→ Exercise materials:
^^^^
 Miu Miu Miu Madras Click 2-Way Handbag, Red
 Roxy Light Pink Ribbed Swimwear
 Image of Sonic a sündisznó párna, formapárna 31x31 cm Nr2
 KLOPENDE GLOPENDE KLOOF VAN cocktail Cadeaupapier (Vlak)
^^^^
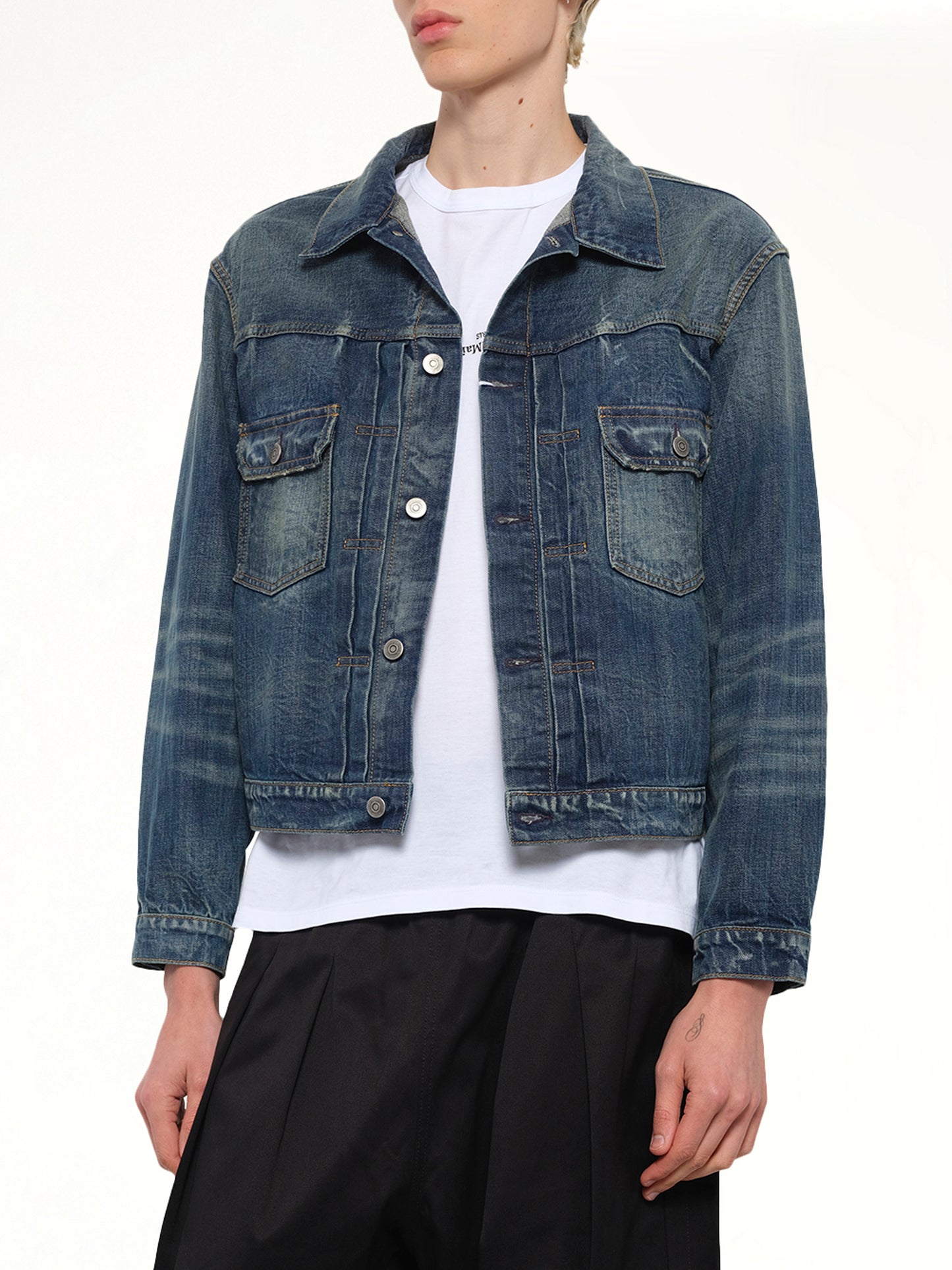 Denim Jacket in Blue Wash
^^^^
→ Assigned task: Of all the entries above, repeat only the lines from the line that has "Miu Miu Miu Madras Click 2-Way Handbag, Red" to the line that has "KLOPENDE GLOPENDE KLOOF", both lines included, exactly.

→ Task result:
 Miu Miu Miu Madras Click 2-Way Handbag, Red
 Roxy Light Pink Ribbed Swimwear
 Image of Sonic a sündisznó párna, formapárna 31x31 cm Nr2
 KLOPENDE GLOPENDE KLOOF VAN cocktail Cadeaupapier (Vlak)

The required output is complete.